Charlie Nelms is a graduate of Arkansas Agricultural Mechanical and Normal College (AM&N), now the University of Arkansas at Pine Bluff (UAPB).

Forty-five years ago my college classmates and I became the largest class to ever graduate from Arkansas Agricultural Mechanical and Normal College, now the University of Arkansas at Pine Bluff (UAPB). Like countless numbers of UAPB graduates before us, we have had successful careers in education, social services, government, business and Industry and the military, among other employment sectors. Except for those who came from metropolitan areas like Chicago, Memphis, Little Rock or Pine Bluff, most of us came from towns, hamlets and villages with a single stop light and a few hundred residents at best. Like me, the overwhelming majority of my classmates arrived on campus with their belongings in cheap suitcases or large trunks in the family car, or in the back of a dusty pickup truck.

In the years since graduation, we have busied ourselves with raising children and with jobs that required our undivided attention. Thus, we’ve returned to campus only periodically for Homecoming, Founders’ Day or the funeral or memorial service of a beloved faculty or staff member. God willing, that will change this fall when a few hundred of us return November 7-9, 2014, for a weekend of festivities punctuated by hugs, laughs and tears for classmates who taken flight to a place beyond the physical horizon of Mother Earth. Per the request of the Reunion Planning Committee, I have paid my registration fee, reserved a hotel room and signed up for every scheduled event. Importantly, I have made my financial contribution toward our class goal of $200,000, which is smaller than the goal for which I was hoping. I must admit that as the reunion date nears, I’m more excited than a pre-adolescent boy who can barely wait to open his Christmas or birthday gifts!

Personally, I’ve returned to campus on numerous occasions as a featured speaker or pro bono consultant. Even so, I am truly excited and honored to have been invited to serve as the keynote speaker at my 45th class reunion. I’ve been asked to speak no more than 15 minutes on the topic, Keeping it Alive at Forty-Five! And, I have been asked to keep my remarks light-hearted and fun. As a retired three-time university president who had words for every occasion, from funerals to commencements, I must admit I am still trying to sort through what to say so that I don’t disappoint those who were kind enough to recommend or select me for this auspicious occasion.
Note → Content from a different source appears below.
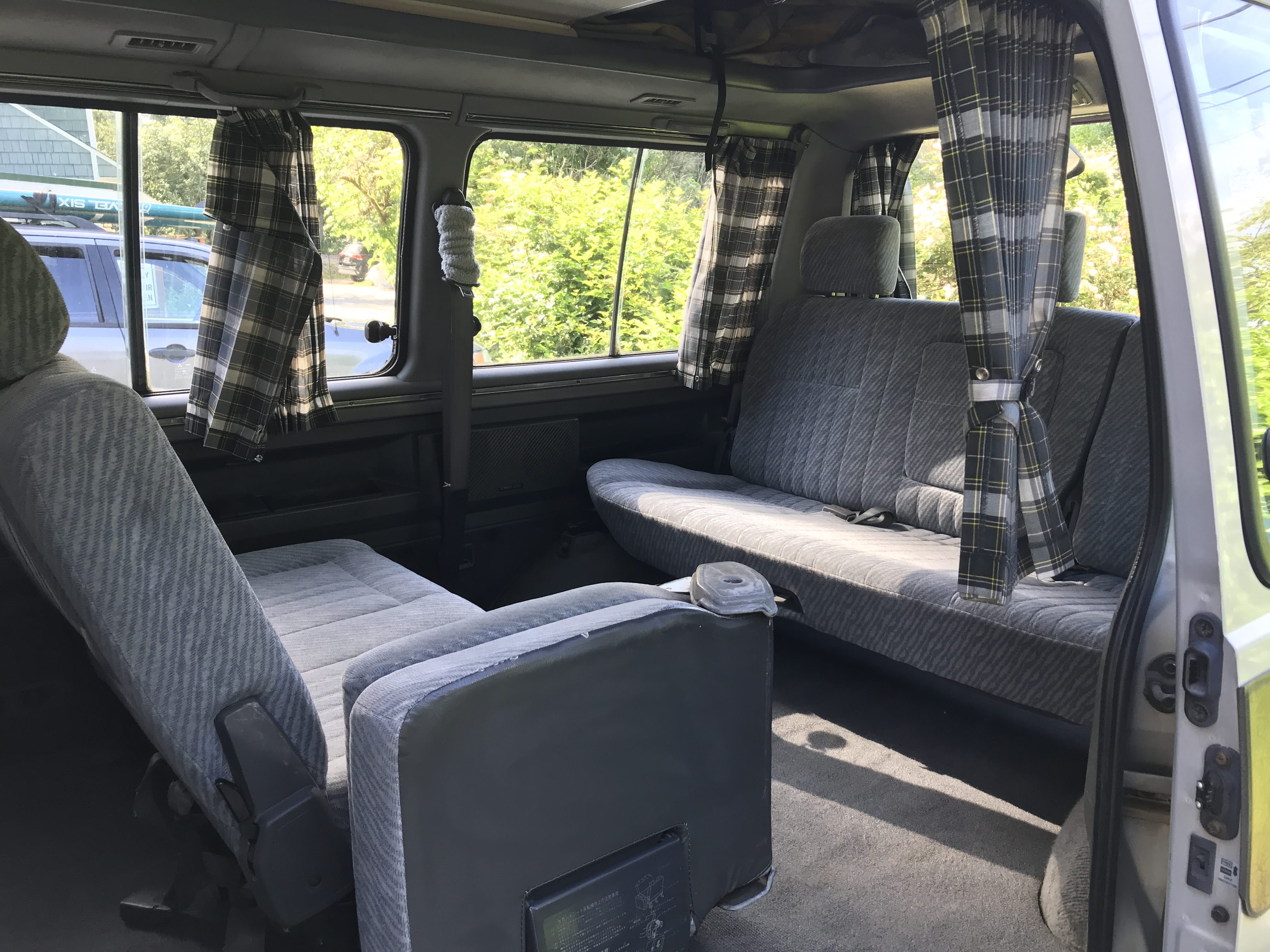Spacious RV rental interior with comfortable grey seating and plaid window curtains, ready for your next adventure.. Mitsubishi Delica 1994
As country boy who “got religion” many years ago via the “Mourners’ Bench”, I am confident that what I should say will be “revealed” to me over the ensuing weeks and months. I am sure that what follows will be among the key points I’ll emphasize in my remarks. Of course, I reserve the right to change my mind depending on the directions of the spirit!
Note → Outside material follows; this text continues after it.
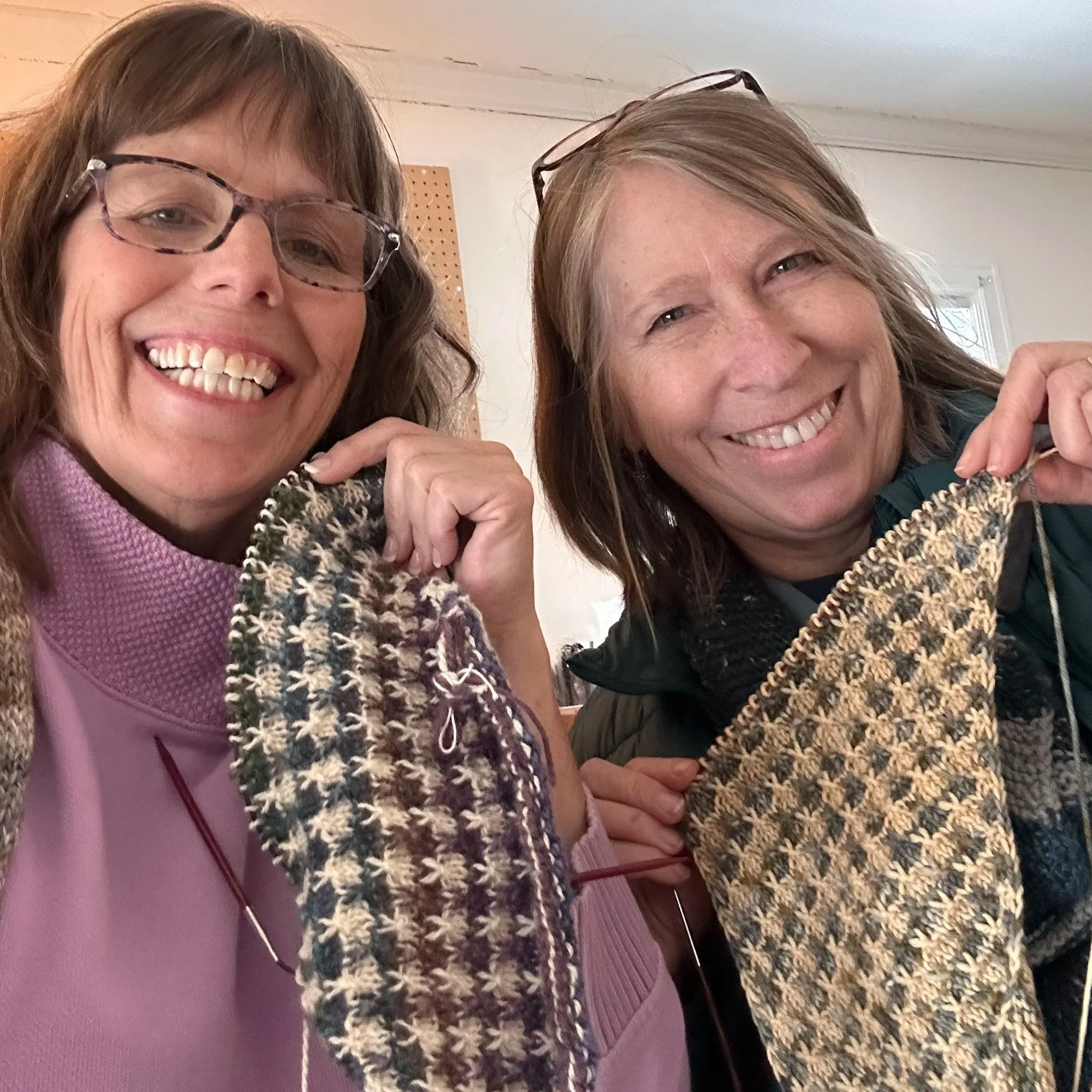 Michelle and Linda holding a work in progress - a colorwork, knit cowl.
While this speech may not be in keeping with my classmates’ request to “keep my remarks light-hearted and fun”, I anticipate that as I continue to sort through my thoughts and memories, I will be led to some less serious observations about my college experience at UAPB.
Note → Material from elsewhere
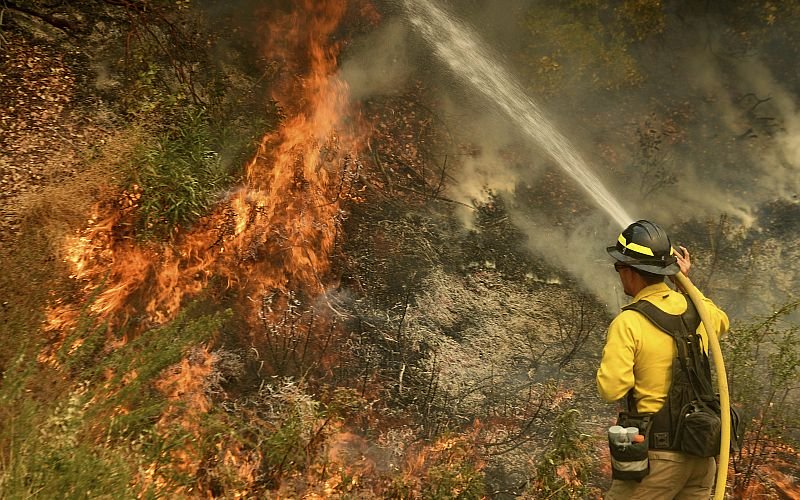 US wildfires: 16 dead as cool weather brings hope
    Classmates, you honor me greatly by inviting me to make a few remarks this evening. During the course of my long career in the academy, I have made more speeches than I can remember, in more places than I can remember, and for more money than I ever thought one of my speeches was worth. What I want to do this evening is tell you why I love this HBCU, our alma mater, and why we owe her our unswerving loyalty and financial support during these times of uncertainty and need.

    First and foremost, I love this place because it gave all of us a shot at obtaining a college education during an era when white schools throughout the state of Arkansas were so wedded to racial segregation that they wouldn’t even accept an application from a black person no matter how talented we may have been. Of course, that began to slowly change as we neared the UAPB graduation finish line in 1969. Whether poorly prepared or well prepared honor students, our alma mater accepted us just as we were and honed us into graduates prepared to compete with talent from around the world. We were among the first in appreciable numbers to enter the corporate world of IBM, Ford Motor Company, General Motors, General Electric, the U. S. Department of Agriculture, etc.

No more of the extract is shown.